Brasileiros

Giletadas na criatividade

Opinião - Coisas da História

Ataque a golpes de gilete em telas modernistas marcou exposição de arte que estremeceu Belo Horizonte em 1944
Luiza Villaméa
Publicado em: 19/09/2017 - 12:07Alterado em: 27/09/2017 - 19:38
Restauro da tela Mendigos não eliminou totalmente as marcas dos cortes (Foto: Reprodução)

A tela Mendigos, de Tomás Santa Rosa, passou por restauro, mas ainda carrega marcas da agressão. Óleo sobre tela, foi uma das oito obras atacadas a golpe de gilete em junho de 1944, na Primeira Exposição de Arte Moderna de Belo Horizonte. A mostra, que dividira a sociedade mineira entre os adeptos e os críticos do modernismo, reuniu 134 obras de 46 artistas, entre eles Anita Malfatti, Cândido Portinari e Di Cavalcanti.

Junto com a Semana de Arte Moderna de 1922, em São Paulo, e o Salão Modernista de 1931, no Rio de Janeiro, a exposição mineira consolidou o movimento no Brasil. À frente da iniciativa e da prefeitura estava Juscelino Kubitschek, o JK, que já havia enfrentado muita oposição ao construir o conjunto arquitetônico da Pampulha, com projetos do arquiteto Oscar Niemeyer, do paisagista Burle Marx e do escultor Alfredo Ceschiatti.

Na prática, Pampulha foi o prenúncio da controvérsia provocada pela exposição modernista, que também envolvia debates sobre o movimento no auditório sempre lotado da Biblioteca Municipal. Diante dos ânimos acirrados, JK foi categórico. “Na rua, não garanto, mas no interior da biblioteca a palavra é livre”, afirmou, segundo relato do jornalista Cláudio Bojunga, na biografia JK – o artista do impossível.

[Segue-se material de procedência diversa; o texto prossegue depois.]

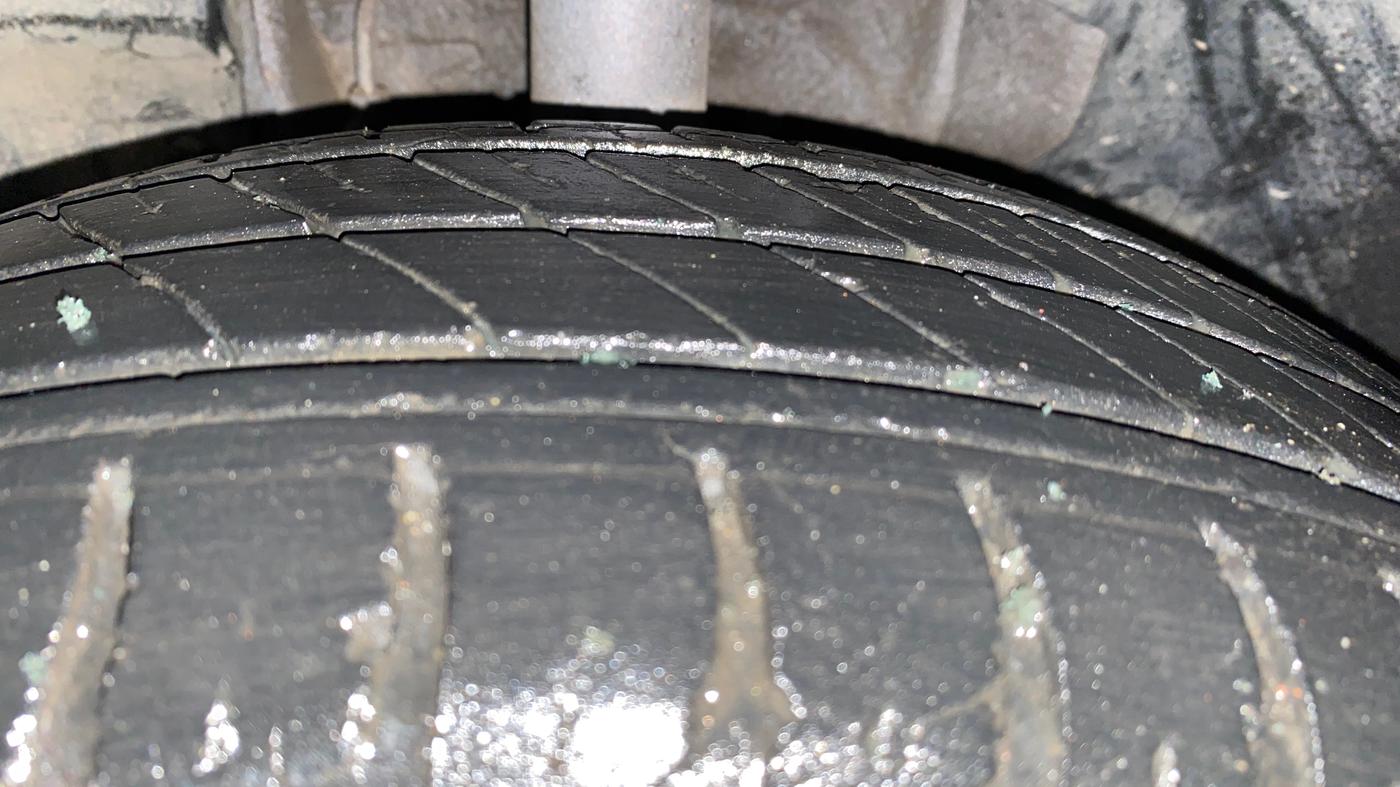 2018 Tata Tiago XT PETROL, Petrol, Manual, 61,983 km, Left Front Tyre Tread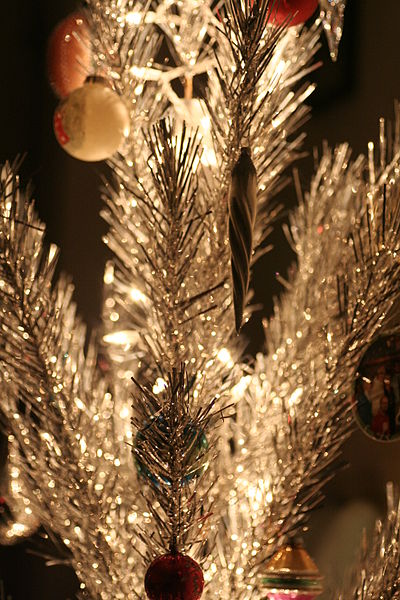 File:Alcoa aluminum christmas tree.jpg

Capa do catálogo da mostra, que reuniu 134 obras de 43 artistas (Foto: Reprodução)

Participaram dos debates os críticos Décio de Almeida Prado e Sérgio Milliet; os escritores Jorge Amado, José Lins do Rego e Oswald de Andrade; o historiador Caio Prado Junior; o jornalista Samuel Weiner; e os artistas Anita Malfatti, Alfredo Volpi, Carlos Poty, Carlos Scliar, Djanira, Hilde Weber, Rebolo Gonzales e Santa Rosa. Di Cavalcanti chegou atrasado. Mesmo assim, fez a palestra Mitos do modernismo.

Entre os expositores, a única que morava em Minas Gerais, na cidade de Sabará, era a luxemburguesa Martha Loutsch. Uma das obras de Martha, Cacho de bananas, que retratava as frutas em roxo, também foi danificada em 1944. Outra tela que causou polêmica, mas saiu incólume, foi Cabeça de galo, de Cândido Portinari, que rompia com o conceito de verossimilhança das mentes pouco arejadas.

Na época do ataque, a intolerância criminosa foi creditada de forma genérica a conservadores mineiros. Em 2004, quando a exposição foi remontada em Brasília, com 80 obras da mostra original, a pesquisadora Monique Bouffis, filha de Martha Loutsch, me disse que, para a pintora, o autor do ataque partiu de um dos filhos do escritor francês Georges Bernanos, exilado no Brasil durante parte da Segunda Guerra Mundial.

“Martha presenciou a fúria dele em relação ao Oswald de Andrade”, contou Monique, referindo-se ao escritor que integrou a caravana de intelectuais paulistas convidados a participar da mostra. Durante uma conferência, Oswald acusou o autor de Sob o sol de Satã de refugiar-se em Minas Gerais para escapar da guerra. Como o ataque ocorreu sem testemunhas e só foi descoberto pela manhã, a dúvida quanto à autoria persiste. O repúdio não.